ダンスホール史に残るキャッチーなコーラスとケイプルトンの切れ味鋭いトースティングが融合したこのトラックは、世界中のダンスフロアで長年にわたって鳴り響いてきた不滅のアンセムです。 - Jah Jah City
もうひとつのヒットシングルで、ラスタファリアンとしてのケイプルトンの信仰と哲学が最も純粋な形で体現された一曲です。

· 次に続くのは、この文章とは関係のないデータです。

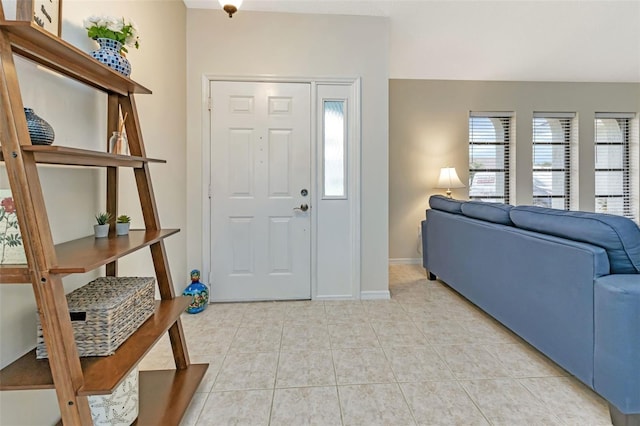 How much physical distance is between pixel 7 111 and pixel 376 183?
2570 millimetres

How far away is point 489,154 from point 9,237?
509 centimetres

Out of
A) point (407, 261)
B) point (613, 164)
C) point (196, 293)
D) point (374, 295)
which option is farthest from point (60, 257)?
point (613, 164)

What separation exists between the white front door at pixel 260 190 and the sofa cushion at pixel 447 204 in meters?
1.37

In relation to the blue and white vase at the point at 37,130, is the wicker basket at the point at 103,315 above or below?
below

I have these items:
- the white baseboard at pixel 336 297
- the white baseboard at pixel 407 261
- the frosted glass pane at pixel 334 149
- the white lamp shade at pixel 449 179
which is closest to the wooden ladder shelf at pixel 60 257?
the white baseboard at pixel 336 297

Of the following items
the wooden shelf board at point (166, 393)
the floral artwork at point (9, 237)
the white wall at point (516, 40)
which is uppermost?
the white wall at point (516, 40)

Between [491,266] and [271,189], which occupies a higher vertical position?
[271,189]

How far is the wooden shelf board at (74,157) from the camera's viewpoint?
3.01ft

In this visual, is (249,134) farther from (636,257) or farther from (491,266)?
(636,257)

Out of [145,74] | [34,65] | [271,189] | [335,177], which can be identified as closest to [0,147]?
[34,65]

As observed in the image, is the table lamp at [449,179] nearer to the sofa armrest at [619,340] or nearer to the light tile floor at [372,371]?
the light tile floor at [372,371]

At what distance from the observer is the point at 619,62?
4.38 m

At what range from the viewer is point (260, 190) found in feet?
10.0

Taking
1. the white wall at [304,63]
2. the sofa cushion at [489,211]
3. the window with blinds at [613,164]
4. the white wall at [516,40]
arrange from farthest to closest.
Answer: the window with blinds at [613,164] < the white wall at [516,40] < the white wall at [304,63] < the sofa cushion at [489,211] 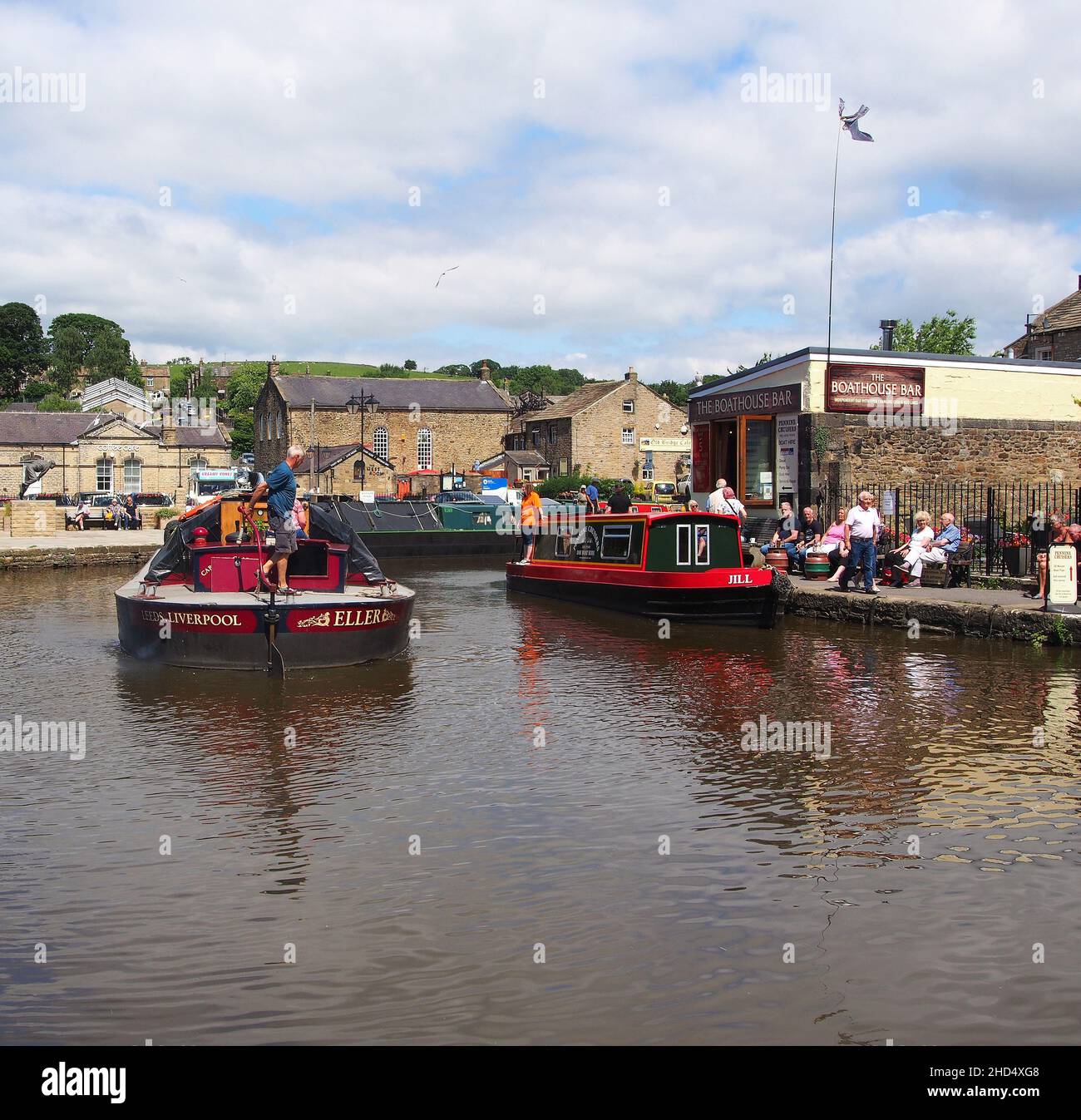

ジャーへの賛歌としてのメッセージと、メロディックなレゲエのグルーヴが融合した本曲は、ダンスフロアで踊れると同時に、深く内省させる二刀流の名曲です。アルバムの中で最もルーツ・レゲエ的な響きを持つハイライトです。 - The More Them Try
抵抗と持続性をテーマにしたアルバム屈指の力強い一曲です。
「彼らがどれだけ試みても」というタイトルが示す通り、逆境に屈せずに立ち続けるラスタファリアンの精神が音楽に昇華されています。アルバム前半を構成するアグレッシブなダンスホール・トラックのひとつとして、最初の5曲がいかに圧倒的なエネルギーを持っているかを体現しており、この流れの中でも特にメッセージの深さが際立っています。
アルバム総評
オールミュージックが「白熱したビートと思考を刺激する詩の引き締まったパッケージ」と評し、スピン誌が9点という高評価を与えた本作は、ダンスホールとルーツ・レゲエの橋渡しを見事に実現した2000年を代表するレゲエ・アルバムです。全20曲・65分という圧倒的なボリュームながら、前半の攻撃的なダンスホールから後半のスピリチュアルなルーツへという流れが一本の物語として機能しており、最後まで聴き通させる求心力が本作の最大の強みです。ラスタの炎は、20年以上が経過した今も少しも冷めていません。